Back then, the press opted to ignore her veiled coming out, but this week it had no choice. Foster stole the show Sunday night; she was the show. Bristling at the pressure on celebrities to "honor the details of their private life with a press conference, a fragrance and a prime-time reality show," Foster spoke — often quite disjointedly and even maniacally — about her career, friends and family.

She spoke fondly again of Bernard, with whom she reportedly split in 2008, as well as her close pal, the embattled leading-man-turned-pariah Mel Gibson. She addressed her mother, who is reportedly suffering from dementia, and her two young sons, who were making funny faces at her from their table. She spoke of having "to fight for a life that felt real and honest and normal" and of "wanting to be understood deeply and to be not so very lonely."

In other words, Foster did not come out as gay. She came out as a human being — a passionate, messy, angry, grateful, imperfect human being. And it's those qualities, not her sexuality, that she's kept hidden all these years.

Foster's mystique has always been rooted in her intelligence, her uncommon self-possession and, perhaps more than anything else, her inscrutability. A breathtakingly gifted child actor, a Yale graduate, even, sadly, a figure in political history (John Hinckley Jr. claimed he attempted to assassinate President Reagan to impress her), Foster at times has seemed too impressive to be true. Despite the Hinckley chapter, her reclusiveness has seemed to come from a place of dignity rather than paranoia, as if she wasn't afraid of the public eye as much as simply uninterested in it.

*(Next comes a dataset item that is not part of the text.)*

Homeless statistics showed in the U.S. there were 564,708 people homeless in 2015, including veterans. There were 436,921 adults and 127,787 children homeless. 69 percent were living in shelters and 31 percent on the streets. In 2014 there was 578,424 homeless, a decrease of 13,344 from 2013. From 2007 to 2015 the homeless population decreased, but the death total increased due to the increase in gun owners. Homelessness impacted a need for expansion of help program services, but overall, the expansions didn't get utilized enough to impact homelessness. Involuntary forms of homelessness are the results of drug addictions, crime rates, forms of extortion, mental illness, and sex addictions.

Now, for all the praise she's eliciting from colleagues and industry observers and all the back pats she's getting from GLAAD and other gay rights groups with which she has declined to ally herself over the years, she's also being tarred as abrasive, insecure, needy and overall just kind of weird. "Is Jodie Foster clinically insane?" asked a blogger for Gawker; "Most likely to be remembered" does not equal "most likely to be understood," offered Time magazine.

Of course, owning yourself requires also owning your sexuality. It's possible that only in making a very public proclamation about her orientation could Foster finally begin to let her quirks peek out from behind that buttoned-down persona. It's also possible that, at 50, she realizes life is too short to exercise perfect and predictable decorum all the time.

Still, to reduce her speech to a declaration of sexuality is to ignore all the other things that she was telling us. Namely, that she's a real woman with real struggles and, it turns out, the capacity to look kind of silly onstage. And for someone like Foster, that's about as scandalous as it gets.

Now if only Armstrong had it in him to shock us. At this point, he'd only manage that by coming out as a decent guy.